La couverture mentionne, en gros caractères « Le triangle des Bermudes », puis, en plus petit, le sous-titre « et autres histoires vécues ». Comme nous le verrons, ce second volet, évoqué discrètement, pourra davantage intéresser certains que celui évoqué par le titre lui-même.
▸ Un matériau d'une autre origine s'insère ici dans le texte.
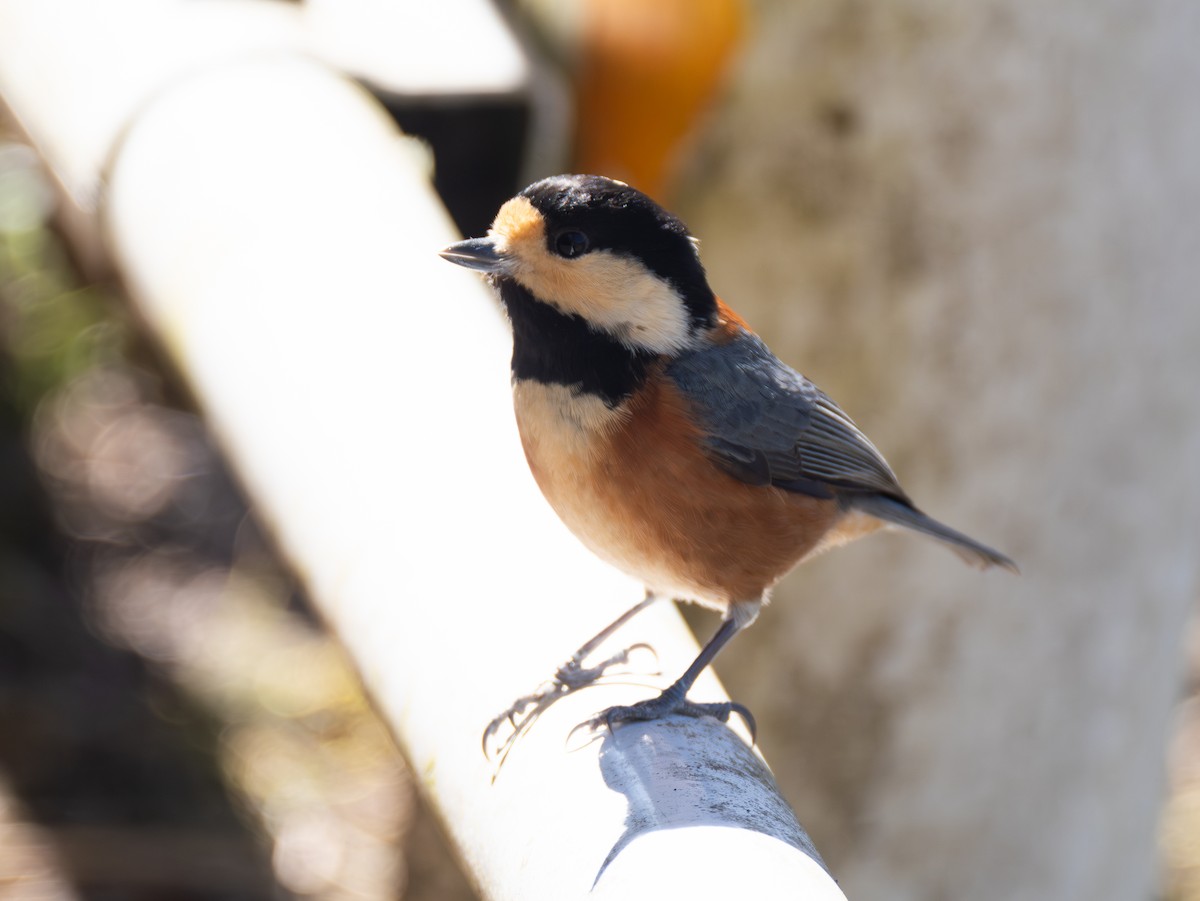 Varied Tit - ML652806669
En Europe, le sujet des disparitions dans le « triangle des Bermudes » connut un vif succès dans les années soixante-dix, en particulier après la parution du livre de Charles Berlitz*. Ce « triangle » mystérieux connut son heure de gloire et quantité d’articles, livres, films, séries télévisées s’y sont référés. On se souvient que c’est le fameux Flight 19, une formation de cinq TBM Avenger disparus en décembre 1945 qui fait l’ouverture du célèbre film de Steven Spielberg Rencontres du troisième type. Depuis la « belle époque » des années soixante-dix et la vogue des sujets à connotation énigmatique (Atlantide, extra-terrestres, cités perdues d’Amazonie, Terre creuse, « pistes » de Nazca…) qui connurent d’honnêtes succès, l’édition ne se préoccupe plus guère de ces thèmes plus ou moins fantastiques, voire ésotériques. Une quarantaine d’années après cet effet de mode, l’idée d’évoquer à nouveau ce fameux « triangle des Bermudes » n’a donc rien d’extravagant.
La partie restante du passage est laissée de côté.